For more information about our Incident Response and Communications please read this support article.

We also maintain a list of Known Product Issues separate from this site here.

[Major] Issues with Public API and Box Notes
Incident Report for Box
Postmortem

We recently addressed issues affecting JWT logins and Box Notes. We would like to take the opportunity to further explain these issues and the steps we have taken to keep them from happening in the future.

Between 5:37 AM and 6:39 AM PT, 9:37 PM and 10:39 PM PT on March 21, 2023, and between 9:12 AM PT and 9:39 AM PT on March 22, 2023 some users may have experienced difficulties while working in Box. During this time, we noticed some JWT-based logins resulting in failures as well as an increase in disconnects within Box Notes while users tried to save or delete their Notes. The issue occurred because of a configuration change on one of our caching servers, specifically in one of our maintenance scripts. We were able to resolve the issue by quarantining the affected host and manually replacing it with a healthy one. In addition, we have hardened our automated checks, added better controls in these maintenance scripts and also improved observability on the impacted caching services in order to to prevent similar issues from occurring in the future. 

Analysis

Logins at Box are rate limited in order to control the amount of traffic or requests that can be sent to our subsystems. During the time of the issue, the caching server that enables this rate limiting was shut down because of a misconfiguration in one of our maintenance scripts tasked with keeping our caching infrastructure up-to-date with the latest software patches. The script was trying to connect to its backend using an incorrect TLS certificate, causing the script to hang and consume system memory. Since this script runs on schedule, multiple instances of this script started over time causing it to consume more and more system resources. Eventually, this led to insufficient resources being available for Memcached service, causing it to be terminated. Additionally, a bug in our auto-healing system prevented this caching server to be replaced with a healthy one leaving the server in service even though it was unhealthy.
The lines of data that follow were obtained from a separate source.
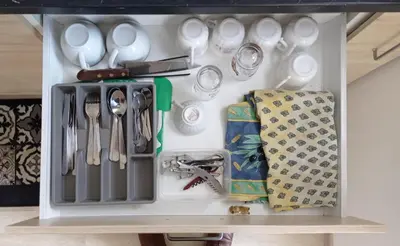 a cupboard with utensils in it at Studio l'Obrador 25 m2 - Cuisine & terrasse - accès piscine in Rieux-Minervois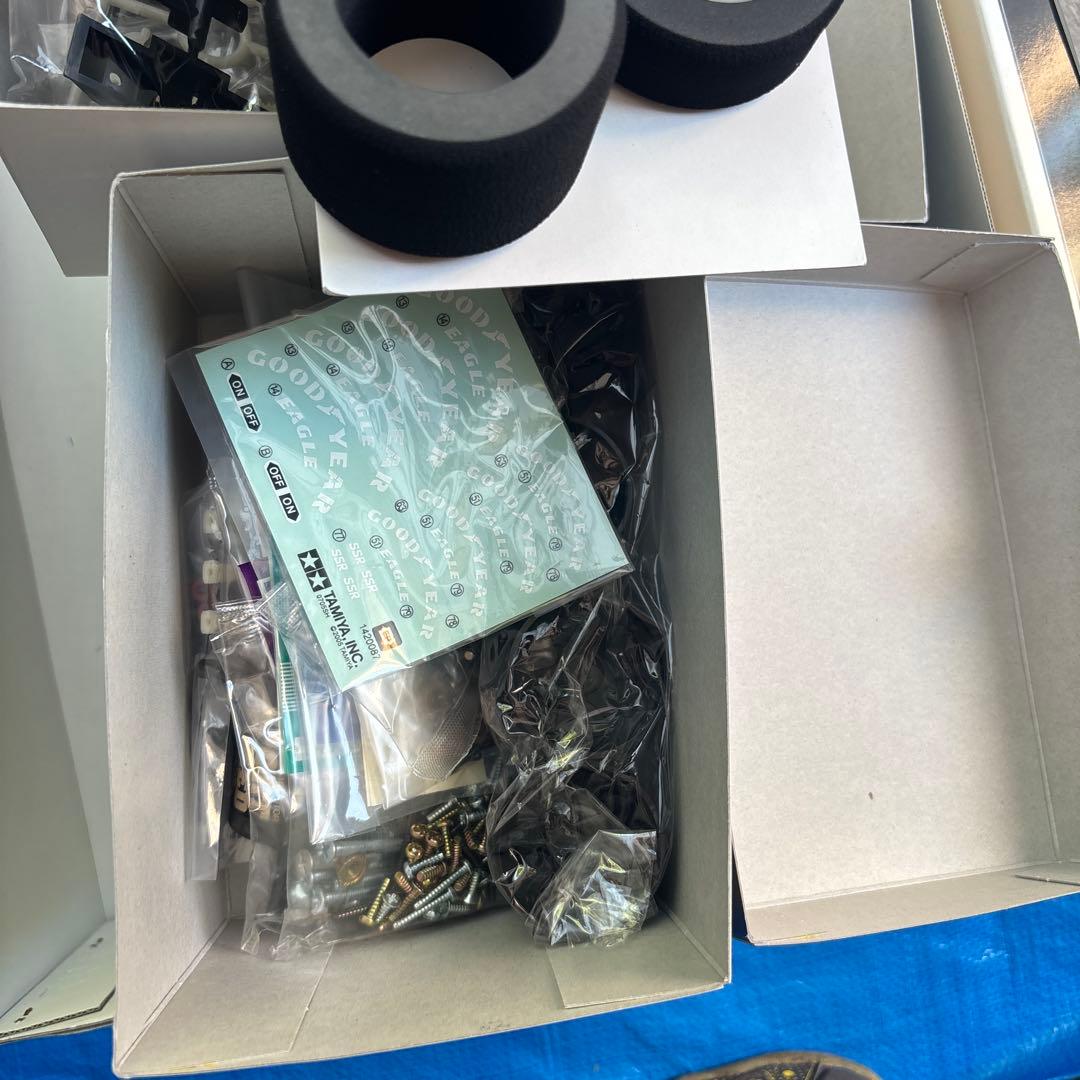 TAMIYA Mercedes-Benz C11 完成ボディとベアリング付き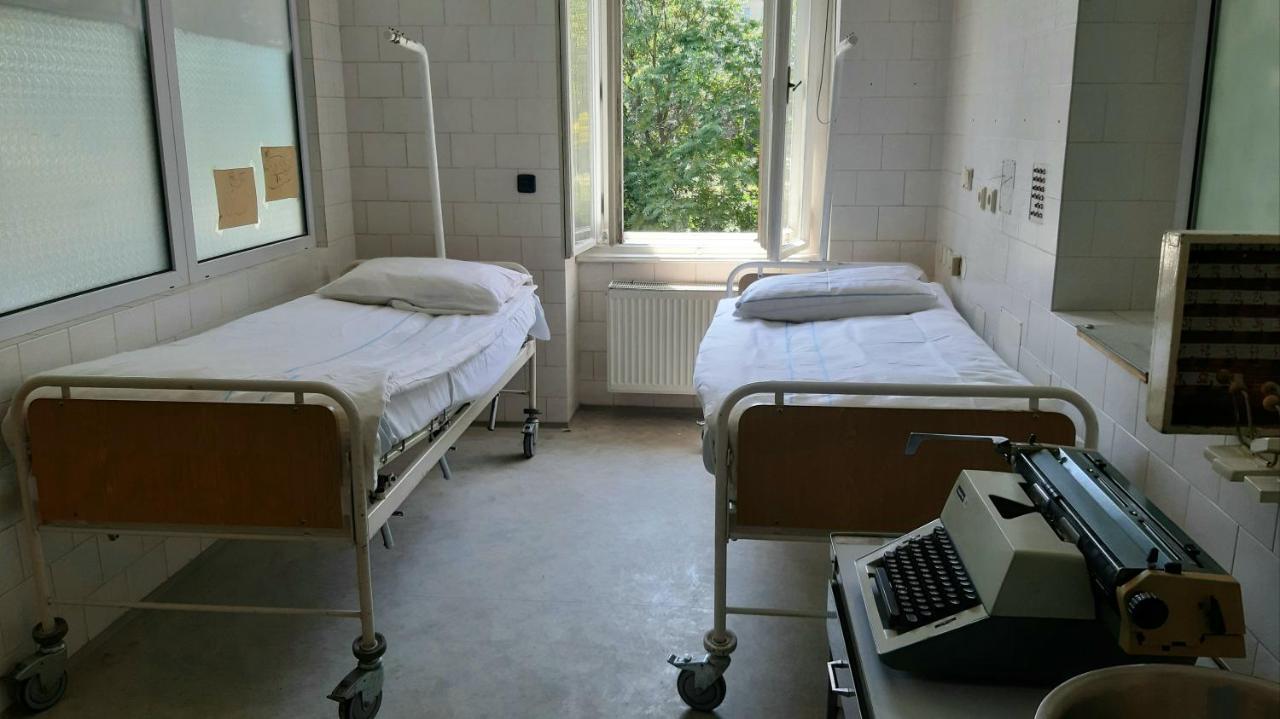 Хостел Franz Kafka Spital Брно Екстер'єр фото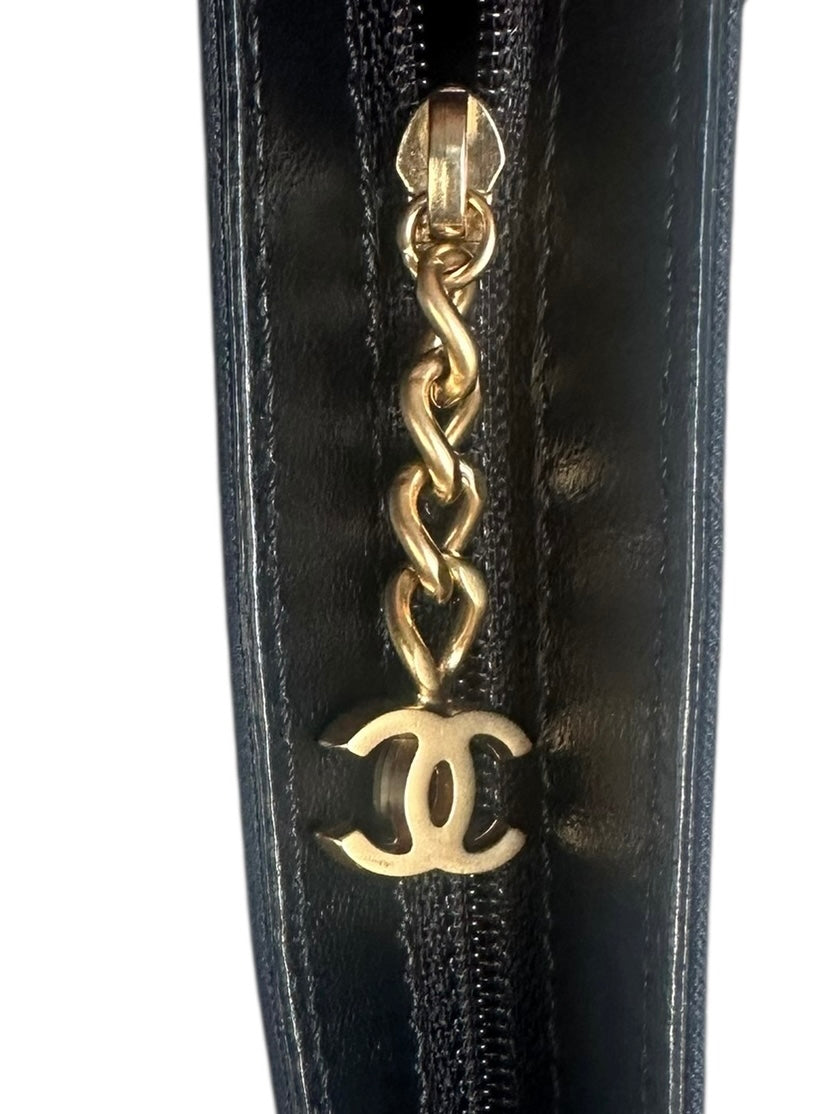 Chanel 2002-2003 Vintage Icon Flat Chain Canvas Shoulder Bag - Navy Blue, GHW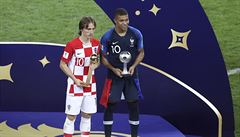 Nejlepí mladý hrá turnaje Mbappé a nejlepí hrá turnaj celkov Modri.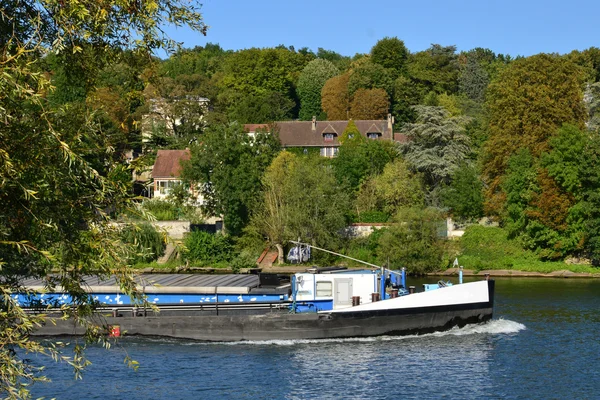 Francie, malebné město triel sur seine — Stock fotografie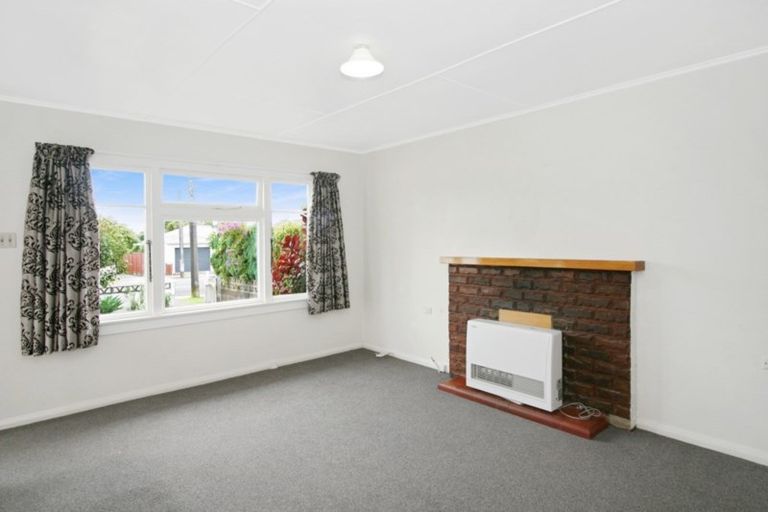 Photo of property in 34 Tarahua Road, Vogeltown, New Plymouth, 4310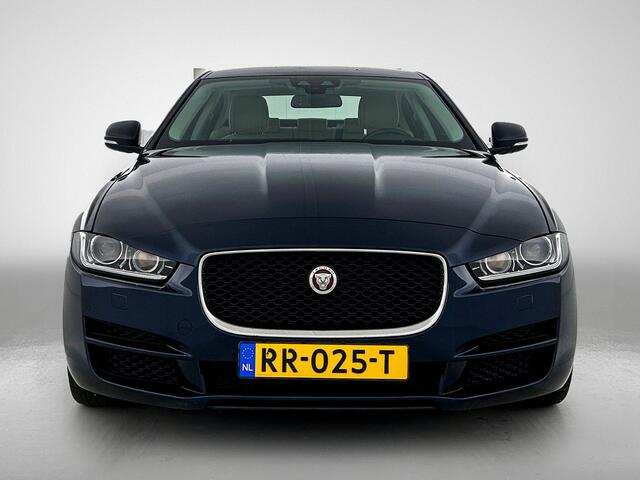 Jaguar XE 2.0 Prestige Automaat / Navigatie / Leder / Cruise-ctr. / Lmv 17"/ Stoelverw. / Camera / Apk 11-2026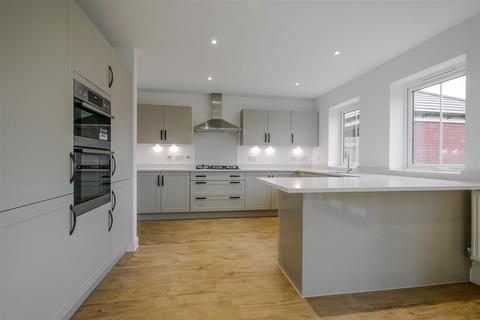 5 bedroom detached house for sale, Restwald Close, Benson OX10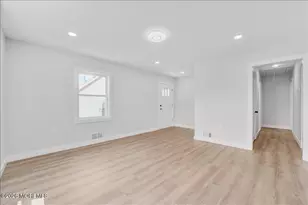 39 Point O Woods Dr, Toms River Township, NJ 08753 - Photo 10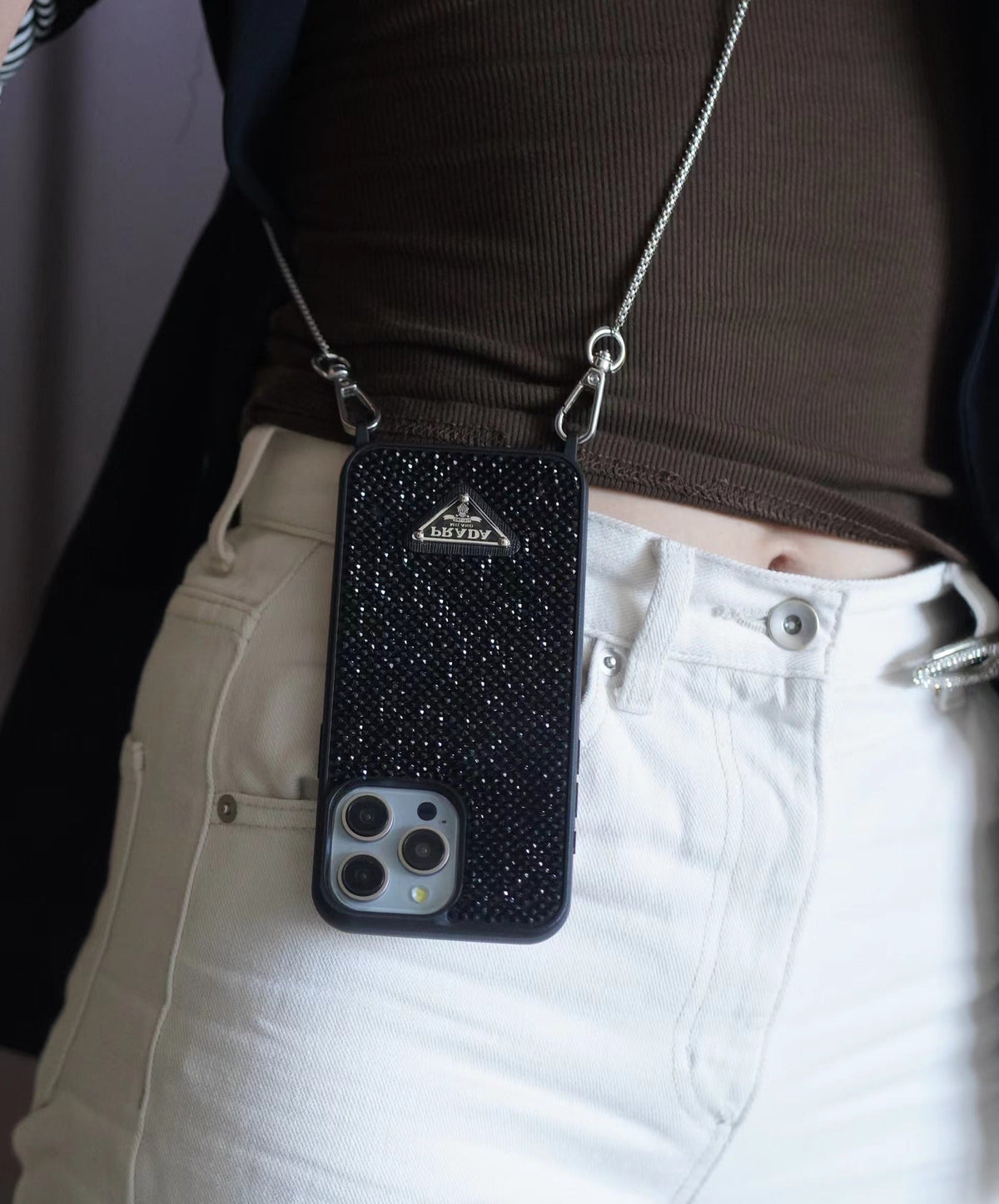 Funda de iPhone con bandolera de diamantes de lujo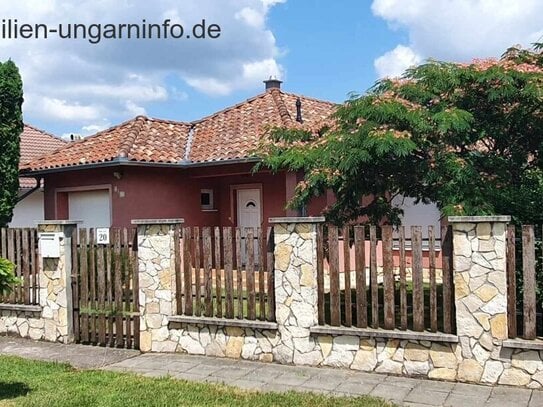 Modernes Einfamilienhaus, mediterraner Stil, zu verkaufen im Komitat Somogy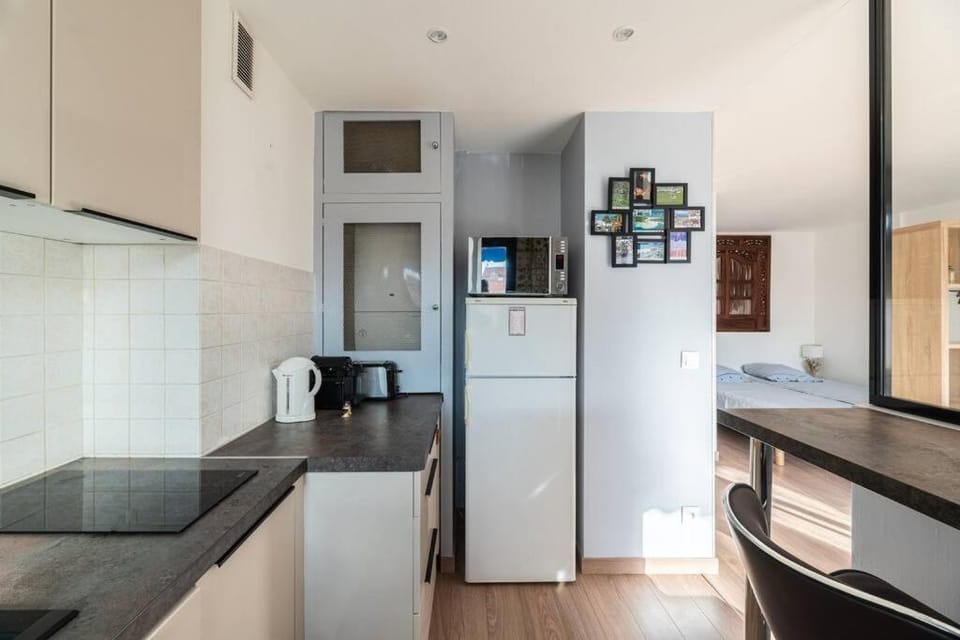 Kitchen or kitchenette, Dining area, minibar, stove, toaster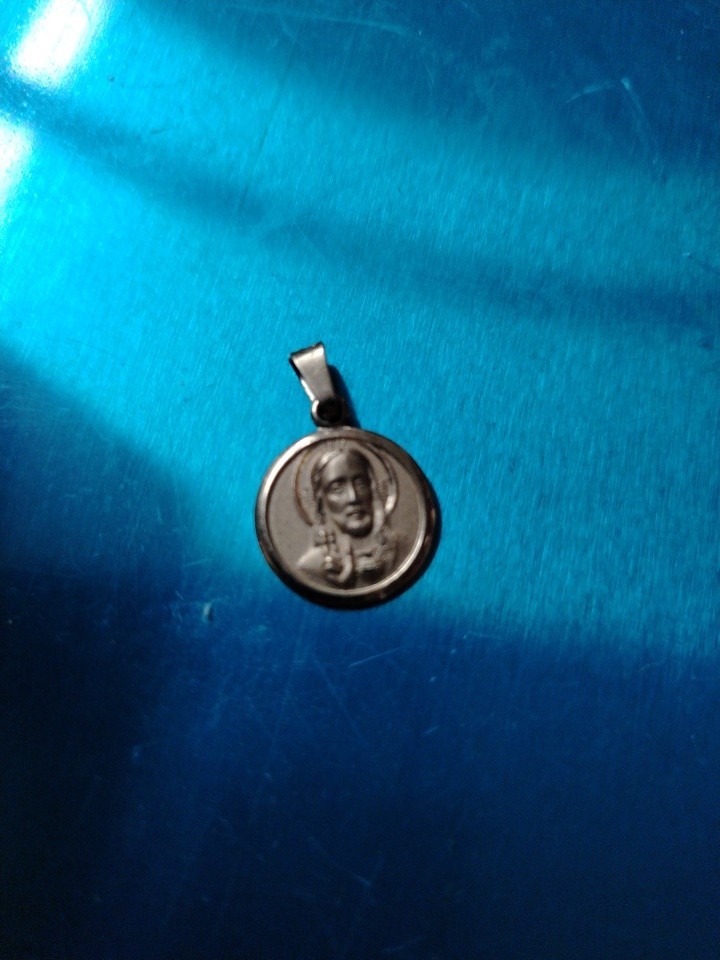 2 VINTAGE 10K YELLOW GOLD CHRISTIAN RELIGIOUS JESUS 3 GRAMS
When part of the cache became unavailable, rate limiting service terminated the requests that were supposed to be cached in that server, causing approximately 30% of JWT logins to fail during that time. This same caching server was also used in the generation of OAuth2 tokens used internally within the BoxNotes service. When this cache would become unavailable, Box Notes would disconnect while trying to persist or delete a Note, since it could not validate the tokens. We noticed an increase of approximately 10% in the number of disconnects during the time of cache unavailability.

Corrective Actions

The following corrective actions have been completed or are planned:

  • Validate that all necessary TLS certificates are present on the entire caching fleet.
  • Fix the maintenance script so in case of a connection error, it terminates and does not hang and hold on to memory.
  • Fix the bug in the auto-healing system that prevented the unhealthy host from being replaced.
  • Add more specific alerts in case of failures like these, so on-call engineers are better informed.

We are continuously working to improve Box and want to make sure we are delivering the best product and user experience we can. We hope we have provided some clarity here and we would be happy to answer any questions you may still have regarding this matter. 

Sincerely,

The Box Team

Posted Apr 04, 2023 - 06:30 PDT

Resolved
Our team has worked on the backlog to alleviate the degradation with API Authentication and Box Notes. We are considering this issue to be resolved. If you are still experiencing any issues, please let us know at https://support.box.com.
Posted Mar 21, 2023 - 23:10 PDT
Investigating
On 21st of March 2023 at approximately 9:35PM PST, we started investigating an ongoing issue affecting API Authentication. Users may also experience issues when trying to create or delete Box Notes. We will provide more information as soon as it is available.
Posted Mar 21, 2023 - 22:48 PDT
This incident affected: Box Notes (Web Application) and Box Platform / API (Authentication (OAuth 2.0 / JWT)).